Este impacto foi igualmente sentido no universo FMCG, o qual é, como todos sabemos, afectado não apenas pelas compras directas de quem nos visita, como pelas dinâmicas de todo o canal Horeca.

Foram tornados públicos na semana passada os primeiros dados de mercado relativos à quadrisemana que abrange o período em que ocorreu a JMJ. E os resultados não são especialmente positivos. O crescimento ocorrido em relação ao período homólogo de 2022 foi de +9,7%, que compara com +15,6%, +16,4%, +13,0% e +11,5% das quadrisemanas exactamente anteriores.
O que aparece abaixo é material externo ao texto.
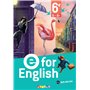 E For English - Anglais 6e - Ed. 2025 - Livre élève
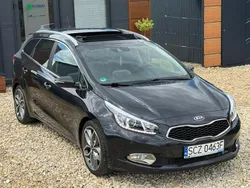 Czarny (metalik, perła) Używany 2013 Kia Ceed 2 Kombi | 32 800 zł (Dość drogi)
Pode referir-se que o comparativo é feito com um período especialmente forte do ano transacto (+15,8%), mas não deve esquecer-se que estamos a falar de dados em valor e que a inflação ocorrida nesta tipologia de produtos supera claramente os 9,7% do crescimento deste período, pelo que é lícito concluir-se que, apesar de termos tido em Portugal mais um milhão e meio de peregrinos durante entre uma e duas semanas, os volumes consumidos apresentam um evidente retrocesso face ao mesmo período do ano passado, um período de turismo ‘normal’ para esta época do ano.

Mesmo ao nível das bebidas em que, não obstante a frugalidade do consumo de quem acompanhou a JMJ, seria de esperar um crescimento um pouco mais substancial, os números são muito pouco efusivos e, também aqui, muito mascarados pelo efeito da inflação.

Finalmente, é sabido que diversos retalhistas fizeram – e muito bem – um abastecimento preventivo de um conjunto substancial de produtos, antevendo os picos de consumo que poderiam ocorrer durante a JMJ. Essa compra antecipada teve efeitos positivos no chamado sell-in do mês de Julho de várias empresas do sector, mas a aparente menor venda desses produtos (logo um sell-out menor do que as expectativas) fará com que a stockagem adicional criada vá condicionar, durante algumas semanas, as vendas dessas mesmas empresas.

Por isso e em conclusão, a Jornada Mundial da Juventude foi excelente para a projecção internacional de Lisboa, muito boa para a imagem de Portugal no exterior, mas não foi demasiado positiva para a economia nacional e, por maioria de razão, não o foi para o nosso universo FMCG.